Wojciech Nagórski

What I have done in .NET world.

How I improved the YamlDotNet performance by 370%

The YamlDotNet is the most famous library to manage YAML format on .Net platform. This library is really stable and good solution. Many of my programs use this library, so I thought that this is prefect open source project that I can improve.

What can I do?

I’ve opened issues tab looking for issues with labels: “good first issue”, “help wanted” or “up-for-grabs”. However I couldn’t find them because this specific labels names are not used in this project.

I thought that I could read the source code and maybe I find something interesting to improve. I have to admit that the source code of the library is really clean. I took a look at the performance tests and immediately realized that I want to improve them.

The YamlDotNet used to use Stopwatch to measure performance of benchmark tests. The main loop that run the tests looked like:

foreach(var test in tests)
{
    Console.Write("{0}\t{1}\t", adapterName, test.GetType().Name);

    var graph = test.Graph;

    // Warmup
    RunTest(serializer, graph);

    if(!Stopwatch.IsHighResolution)
    {
        Console.Error.WriteLine("Stopwatch is not high resolution!");
    }

    var timer = Stopwatch.StartNew();
    for (var i = 0; i < iterations; ++i)
    {
        RunTest(serializer, graph);
    }
    var duration = timer.Elapsed;
    Console.WriteLine("{0}", duration.TotalMilliseconds / iterations);
}

You can find original code here.

As you can see tests here are using StopWatch class to measure code performance. The better way to do it is to use [BenchmarkDotNet which is a powerful .NET library for benchmarking.

So, let’s see how to start.

At first I wrote code of the test:

[MemoryDiagnoser]
public class ReceiptTest
{
    private readonly Receipt _receipt = new Receipt();
    private readonly StringWriter _buffer = new StringWriter();

    private readonly ISerializer _serializer = new SerializerBuilder()
        .WithNamingConvention(new CamelCaseNamingConvention())
        .Build();

    [Benchmark(Description = "Serialize vlatest")]
    public void Serialize()
    {
        _serializer.Serialize(_buffer, _receipt.Graph);
    }
}

The Serialize() method marked with [Benchmark] attribute is my benchmark test. I’ve used [MemoryDiagnoser] because I wanted to know how much memory was used by the YamlDotNet.

Then I modified the Program class:

public class Program
{
    public static void Main(string[] args)
    {
        var summary = BenchmarkRunner.Run<ReceiptTest>();
    }
}

I couldn’t wait to see my great change in action, so I run the program from console:

dotnet run -c Release

Unfortunately, I got error message:

// Validating benchmarks:
Assembly YamlDotNet.PerformanceTests.vlatest which defines benchmarks references non-optimized YamlDotNet
        If you own this dependency, please, build it in RELEASE.
        If you don't, you can create custom config with DontFailOnError to disable our custom policy and allow this benchmark to run.
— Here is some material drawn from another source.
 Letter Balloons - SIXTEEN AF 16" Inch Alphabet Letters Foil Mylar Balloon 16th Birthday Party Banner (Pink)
As a message say If you own this dependency, please, build it in RELEASE and I went to my Visual Studio and I see:

YamlDotNet configurations

I had chosen Release-PerformanceTests but BenchmarkDotNet printed me a message that I had to build the library in Release. Something was wrong.

For unknown reasons, Release-PerformanceTests doesn’t work in the same way like Release configuration. After short research I find an article about this problem.

In turned out that the new .csproj format for .Net Core doesn’t have the same behavior as the old one. The Release-* configurations doesn’t inherit from Release configuration anymore. All I had to do was set several parameters in the project file:

<PropertyGroup Condition=" '$(Configuration)' == 'Release-Signed' Or '$(Configuration)' == 'Release-Unsigned' ">
    <DefineConstants>$(DefineConstants);RELEASE;TRACE</DefineConstants>
    <DebugSymbols>false</DebugSymbols>
    <DebugType>portable</DebugType>
    <Optimize>true</Optimize>
</PropertyGroup>

After that changes, BenchmarkDotNet was working. Out of curiosity, I compared the results before and after my changes and I was shocked.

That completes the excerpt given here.